Documents stored in Cloudant databases aren't including MD5 digests of
attachment contents in the _attachments metadata. Here's an example:
"_attachments": {
"photo-15357DCF-9566-4DFD-9120-8A9164EE5873": {
"follows": true,
"length": 79608,
"content_type": "image/jpeg",
"revpos": 2
}
},
Other servers don't do this; I assume this is a difference between BigCouch and
CouchDB. Is this intentional? It's causing problems replicating databases from
Cloudant to TouchDB, and the workarounds I can think of for this in TouchDB are
either fairly ugly (basically involving writing a custom JSON parser…) or
involve performance regressions.
Here's more detail on my problem:
* For efficiency, the replicator in TouchDB (like CouchDB 1.2) fetches
documents in MIME multipart format, so that attachments are easily streamable
to disk and aren't base64-encoded.
* This requires correlating the MIME bodies with the metadata objects in the
_attachments object.
* CouchDB (and BigCouch) unfortunately don't add any headers to the MIME bodies
to identify what they are. I've already filed a bug report against this.
* TouchDB's replicator works around this by computing an MD5 digest of each
MIME body and then correlating those with the "digest" properties of the
attachment metadata objects.
* …which fails with Cloudant/BigCouch because that "digest" property is missing.

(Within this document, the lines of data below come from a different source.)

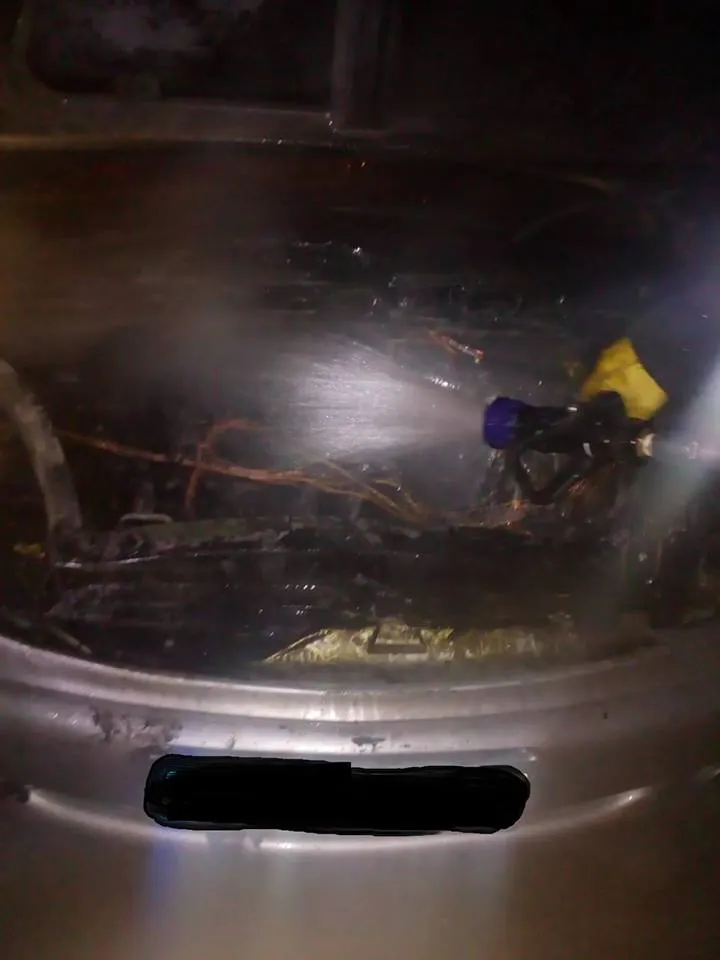 autoturism incendiu
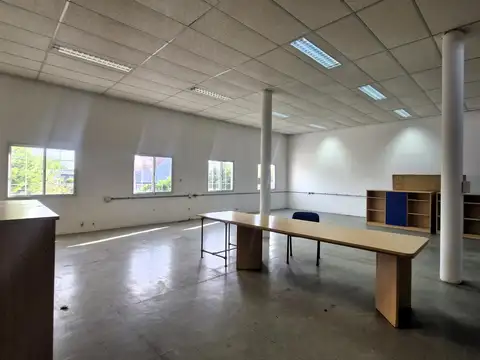 ALQUILER DEPOSITO Y OFICINAS EN VILLA ELISA LA PLATA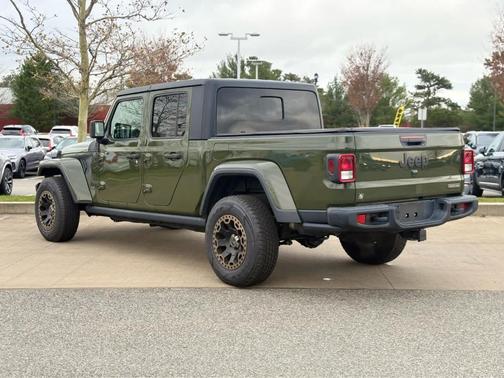 2021 Jeep Gladiator Sport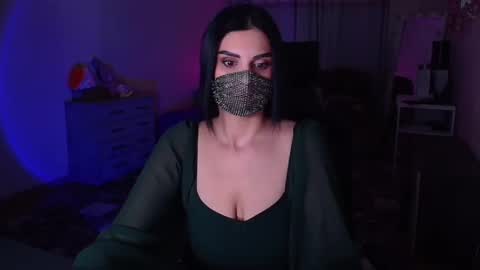   Yasmina   online show from December 2024 04:13:02 AM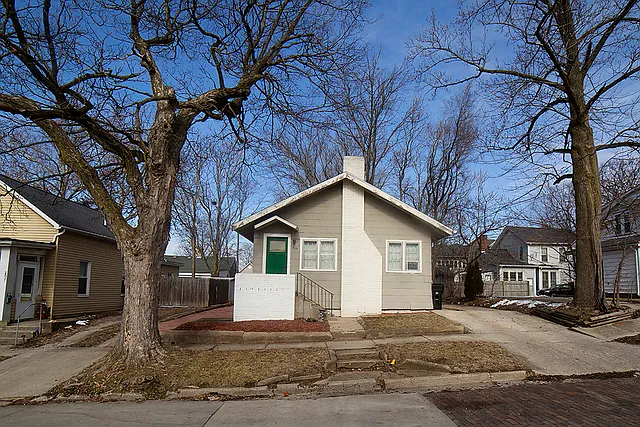 205 W Elm St photo 1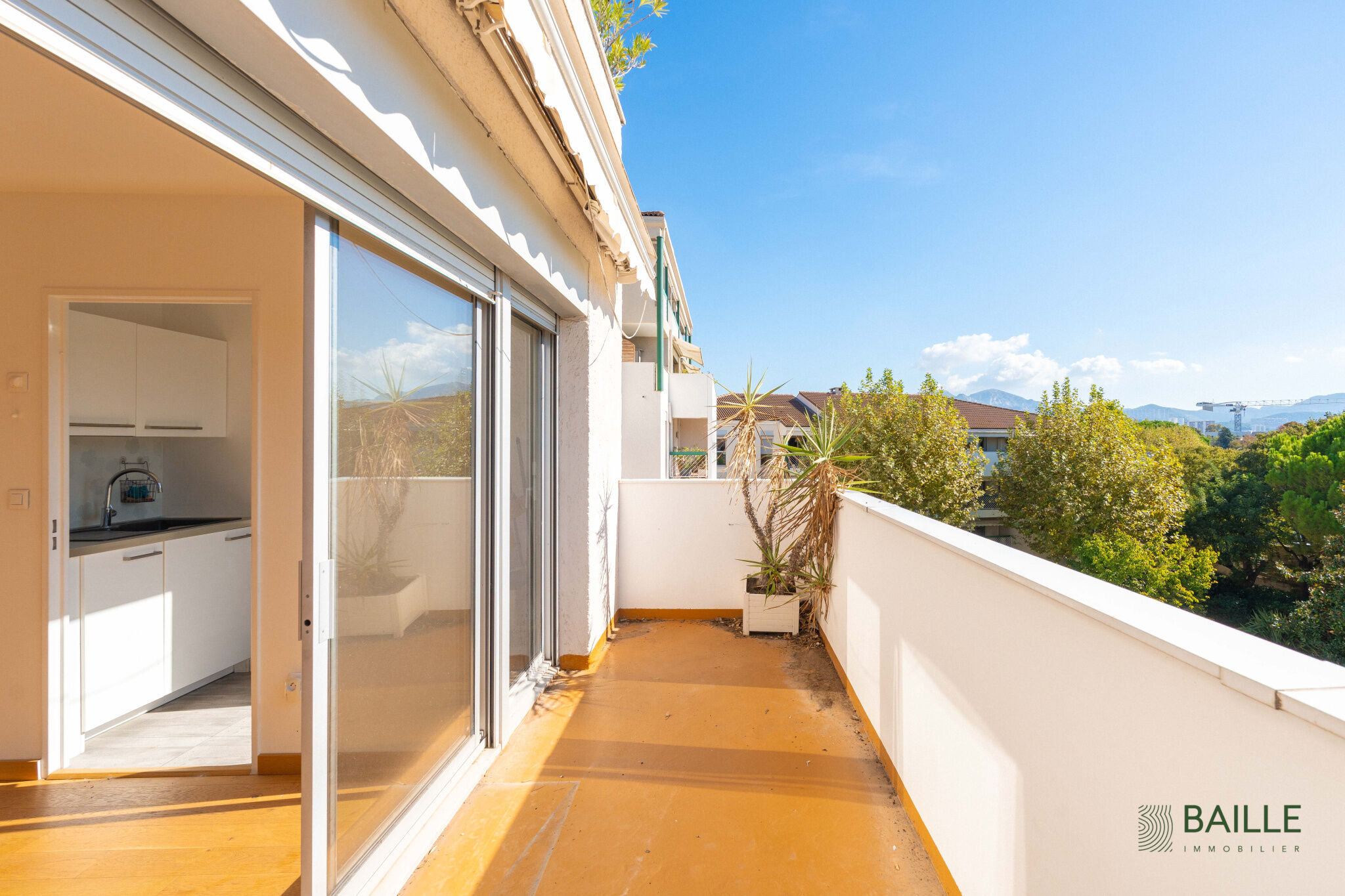 Photo 2 — BAILLE IMMOBILIER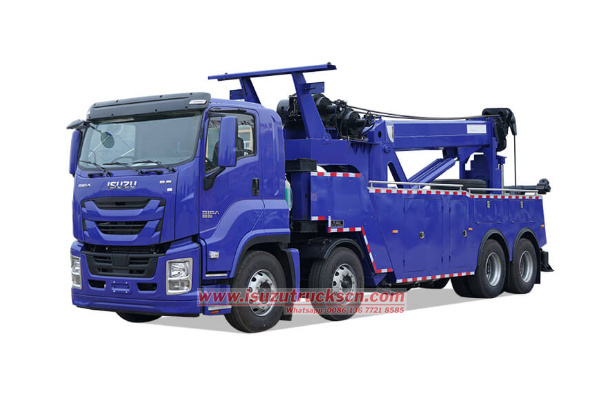 Wrecker truck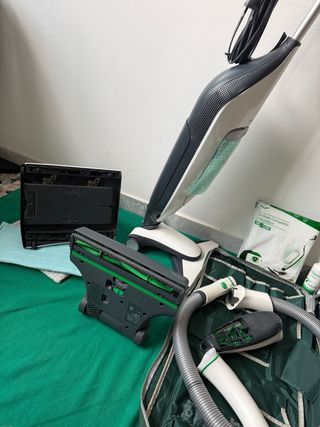 Folletto VK220S Completa di tutto in garanzia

The reason CouchDB itself doesn't have trouble correlating the attachments is
that it knows the MIME bodies are written in the same order as the attachments
appear in the _attachments object. However, key order is not significant in
JSON objects, and in most implementations the parser stores the object contents
in a hash table (like a Ruby Hash object or a Cocoa NSDictionary), which means
the ordering of the keys is lost. The only way for me to determine the true
order of the attachment keys would be to write my own specialized JSON parser
that could identify the keys and put the names into an ordered structure like
an array.
—Jens